(Records from a data collection)
######

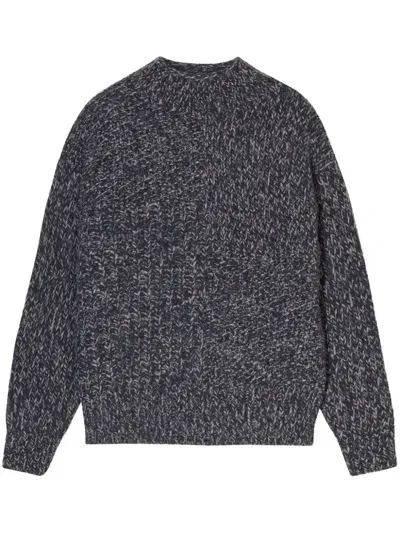 Closed Mock-neck Long-sleeve Jumper In Grey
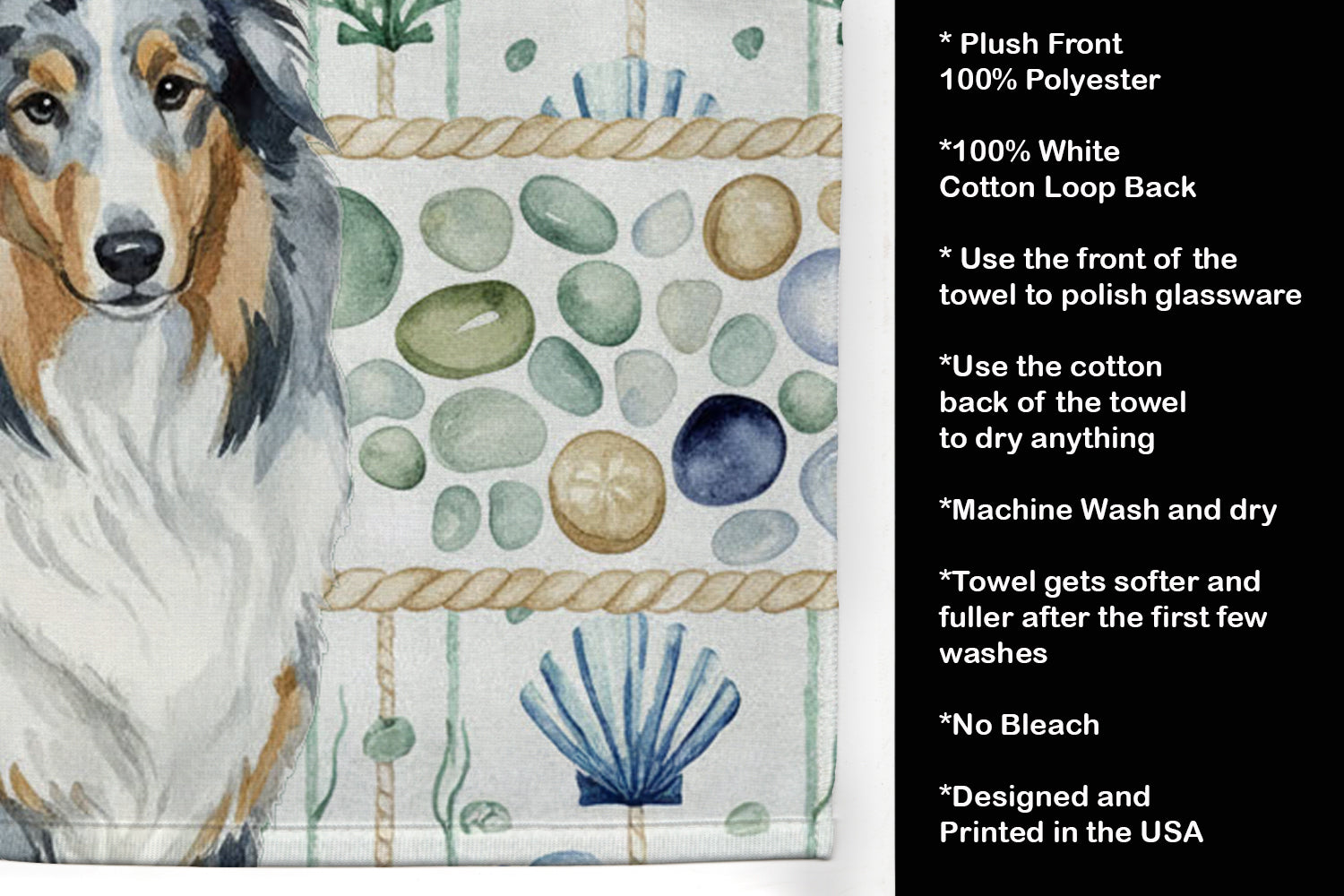 Blue Merle Collie Coastal Sea Glass Kitchen Towel Velour Plush Front and Cotton Loop Back Machine Washable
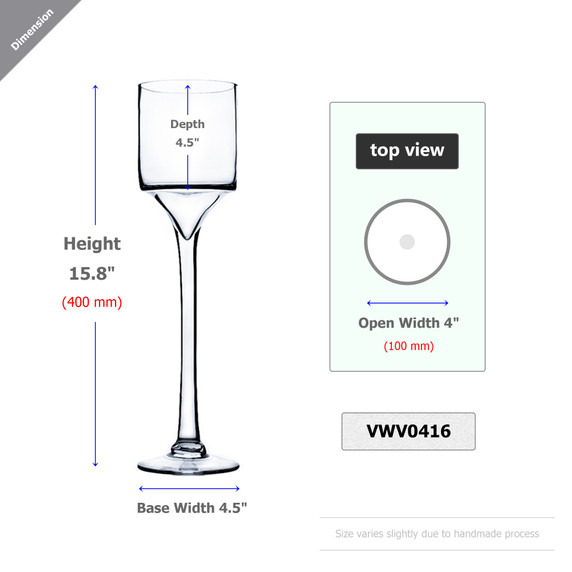 VWV0416 - Clear Wine Vase - 4"x 16"x4" (6 pcs)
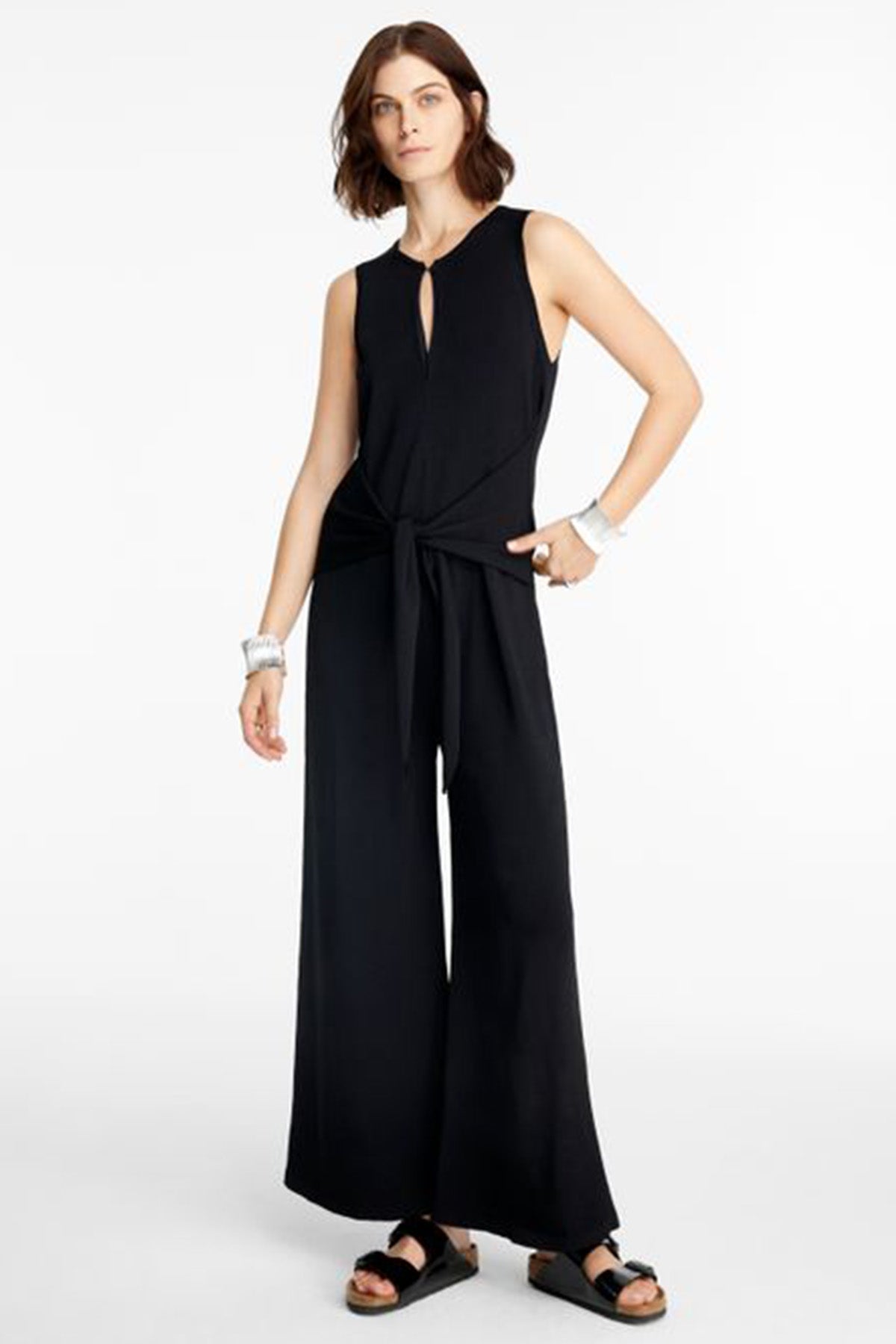 Sarah Pacini Yuvarlak Yaka Kuşaklı Tulum-Libas Trendy Fashion Store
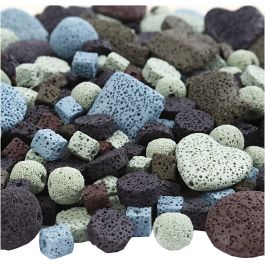 Lava kralen, afm 6-37 mm, gatgrootte 1+2 mm, Inhoud kan variëren , diverse kleuren, 20 slagen/ 1 doos [HOB-63589]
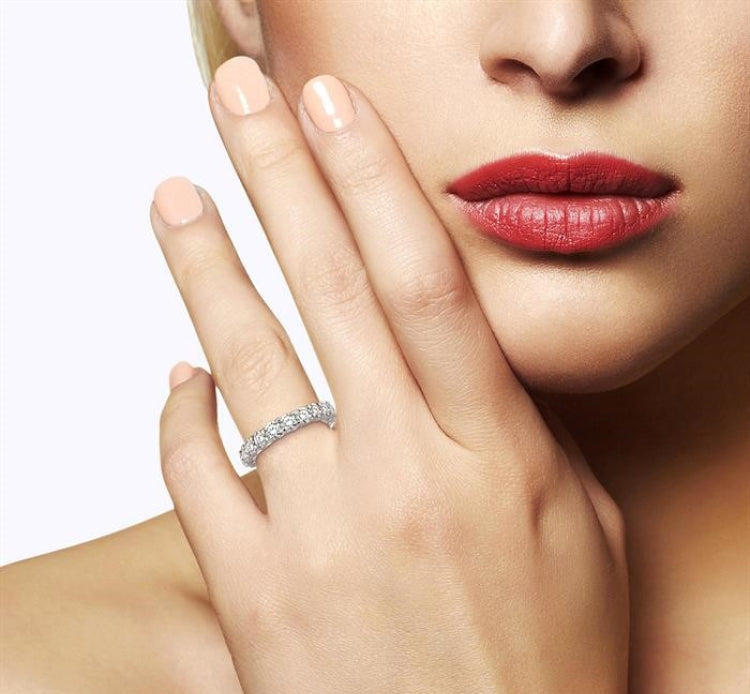 3 Ctw Round Cut Diamond Eternity Band in 18K White Gold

######

■ **Required action**
Print each record as it appears above, dropping every picture from the copy.

■ **Result below**
 Closed Mock-neck Long-sleeve Jumper In Grey
 Blue Merle Collie Coastal Sea Glass Kitchen Towel Velour Plush Front and Cotton Loop Back Machine Washable
 VWV0416 - Clear Wine Vase - 4"x 16"x4" (6 pcs)
 Sarah Pacini Yuvarlak Yaka Kuşaklı Tulum-Libas Trendy Fashion Store
 Lava kralen, afm 6-37 mm, gatgrootte 1+2 mm, Inhoud kan variëren , diverse kleuren, 20 slagen/ 1 doos [HOB-63589]
 3 Ctw Round Cut Diamond Eternity Band in 18K White Gold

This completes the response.